The second argument to Regexp::Exhaustive->new() must be a Regexp (qr//) object

(F) Self-explanatory.

EXAMPLES

Finding all divisors

A commonly known snippet of regex can be used to find out if an integer is a prime number or not.

sub is_prime {
    my ($n) = @_;

    my $str = '.' x $n;

    return $str =~ /^(?:..+)\1+$/ ? 0 : 1;
}

print '9 is prime: ', is_prime(9), "\n";
print '11 is prime: ', is_prime(11), "\n";

__END__
9 is prime: 0
11 is prime: 1

Equally simple is it, with Regexp::Exhaustive, to find out not only if it's a prime number, but which its divisors are.

use Regexp::Exhaustive;

sub divisors {
    my ($i) = @_;

    return
        map length $_->group(1),
            Regexp::Exhaustive::
                ->new('.' x $i => qr/^(.+?)\1*$/)
                ->all
    ;
}

print "$_\n" for divisors(12);

__END__
1
2
3
4
6
12

Finding the cross product

Set::CrossProduct gives you the cross product of a set, and that's the good way of doing just that. But as an example, here's how you can find all possible combinations of two four-sided dice using Regexp::Exhaustive. To illustrate the difference between greedy and non-greedy matches I let the second die be in reversed order.

use Regexp::Exhaustive;

my $sides = '1234';
my $matcher = Regexp::Exhaustive::->new(
    "$sides\n$sides" => qr/^.*?(.).*\n.*(.)/
);

while (my ($match) = $matcher->next) {
    print $match->groups, "\n";
}

__END__
14
13
12
11
24
23
22
21
34
33
32
31
44
43
42
41

Finding all subsets

See "SYNOPSIS".

WARNING

This module uses the experimental (?{ code }) and (?(condition)yes-pattern|no-pattern)) assertions.
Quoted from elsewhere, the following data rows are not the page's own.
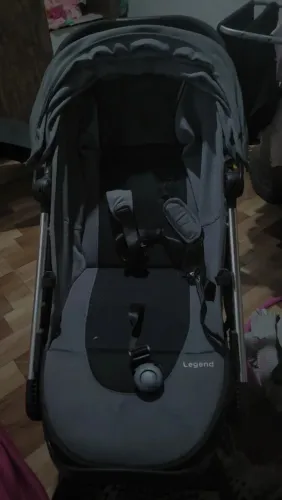 Carrinho com bebê conforto. Modelo legend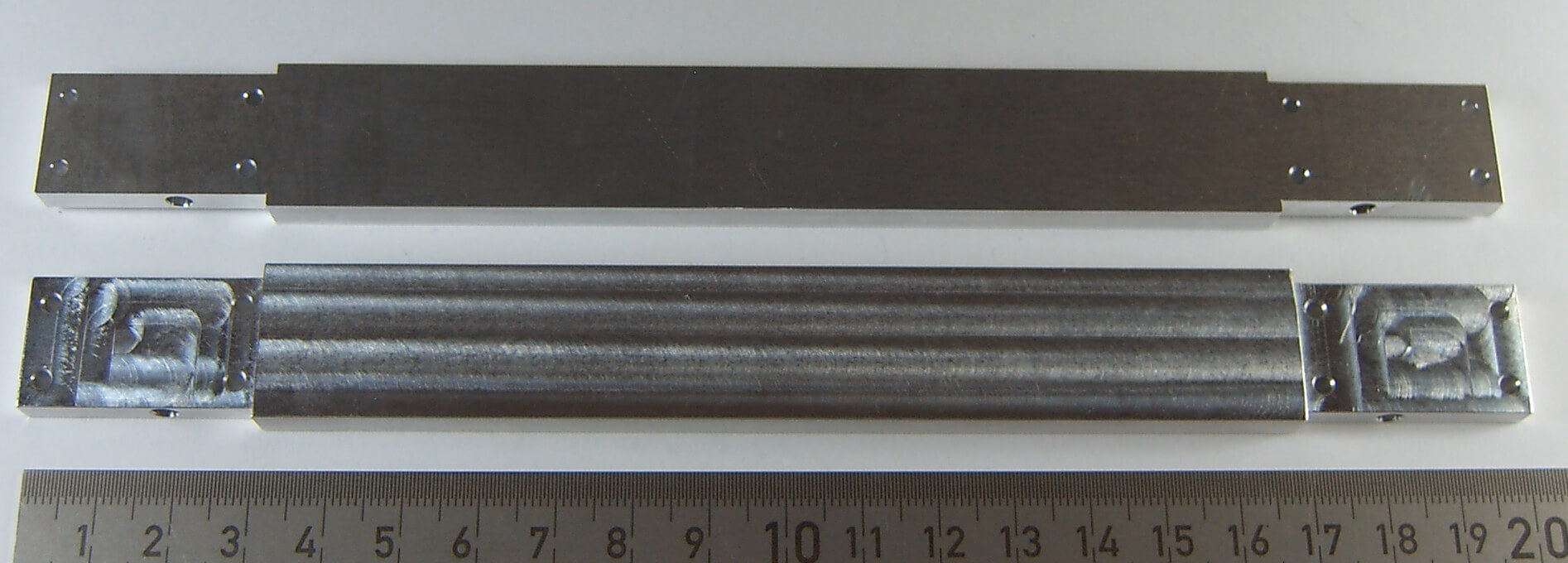 Paar Rahmenverlängerungen für Rahmen-  Profile 21x7mm 1 Paar Rahmenverlängerungen für Rahmen-  Profile 21x7mm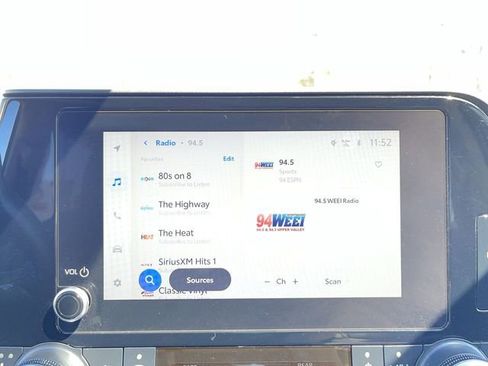 Used 2023 Toyota Highlander XLE AWD/4WD image 17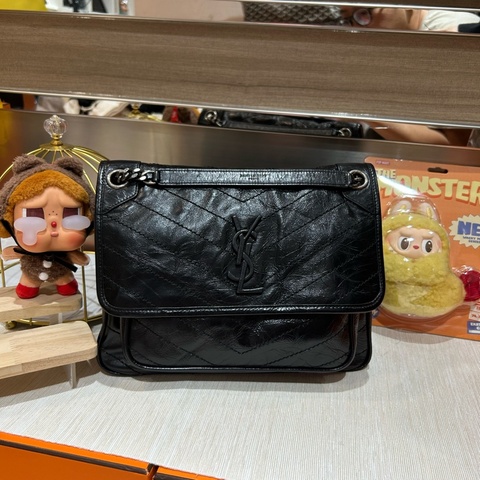 Ysl Niki Saint Laurent Niki medium So Black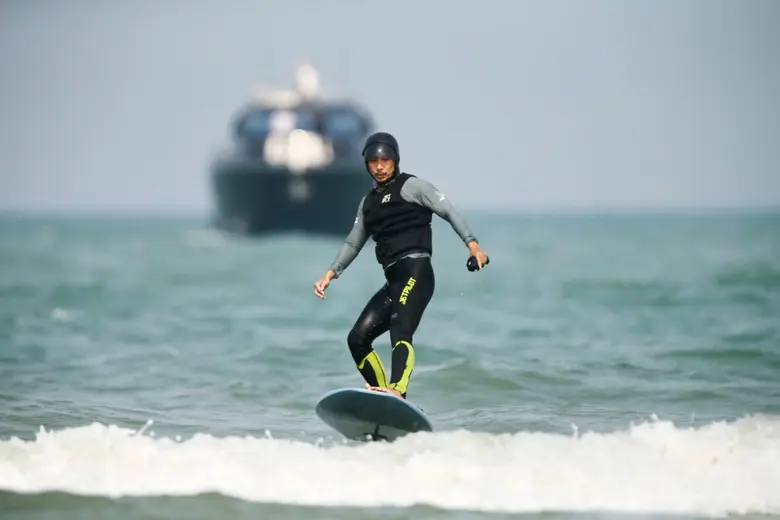 Mentagram และสยามดิสคัฟเวอรี่ ร่วมสร้างความสำเร็จระดับโลก "Lift Foils World Record Attempt" "โจอี้ บอย-เต้ ภูริต" ร่วมโต้คลื่นจากพัทยาไปหัวหิน !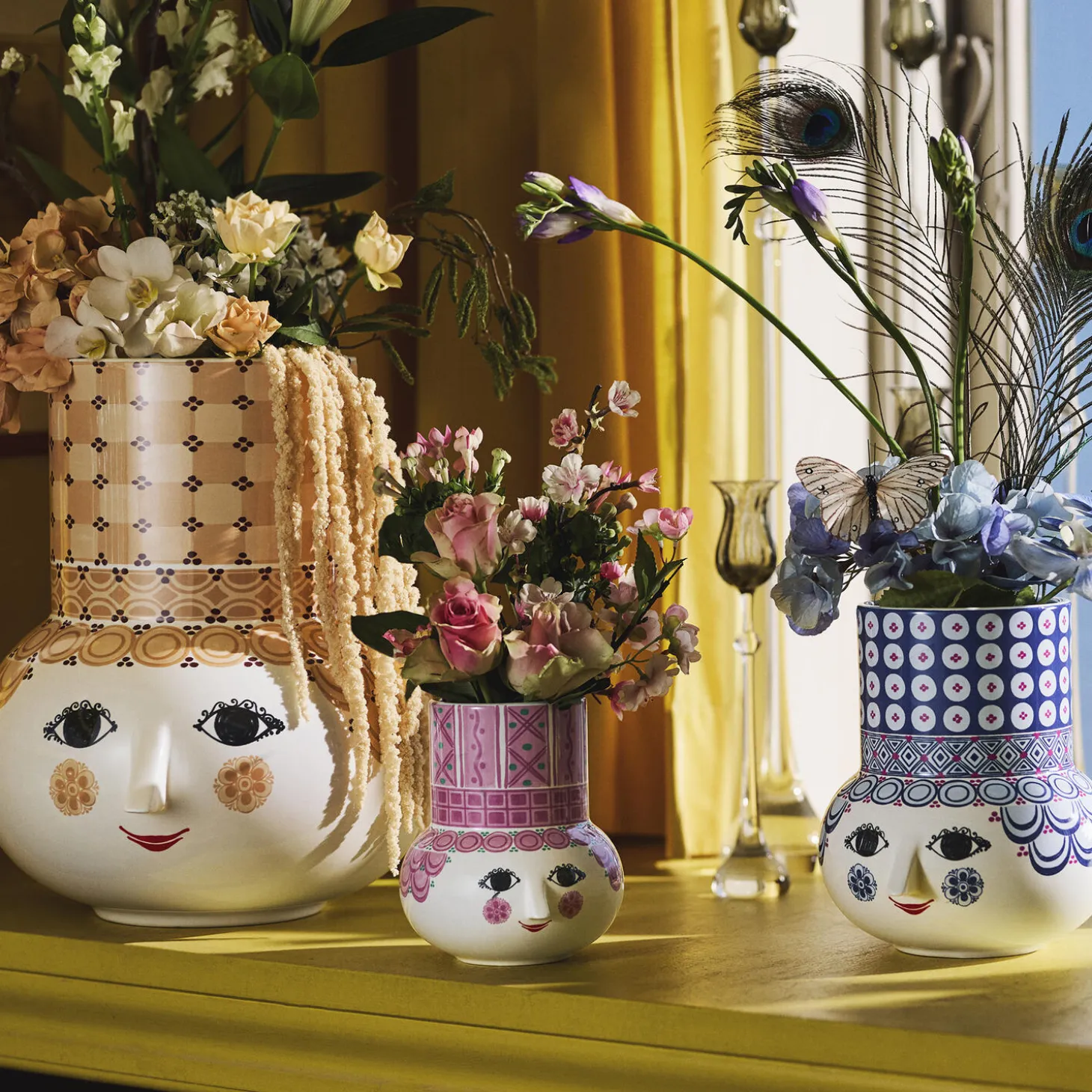 Olga Vase, sand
Thus this module is as experimental as those assertions.

AUTHOR

Johan Lodin <lodin@cpan.org>

COPYRIGHT

Copyright 2005-2007 Johan Lodin. All rights reserved.

This library is free software; you can redistribute it and/or modify it under the same terms as Perl itself.

SEE ALSO

perlre for regular expressions.

perlvar for the special variables.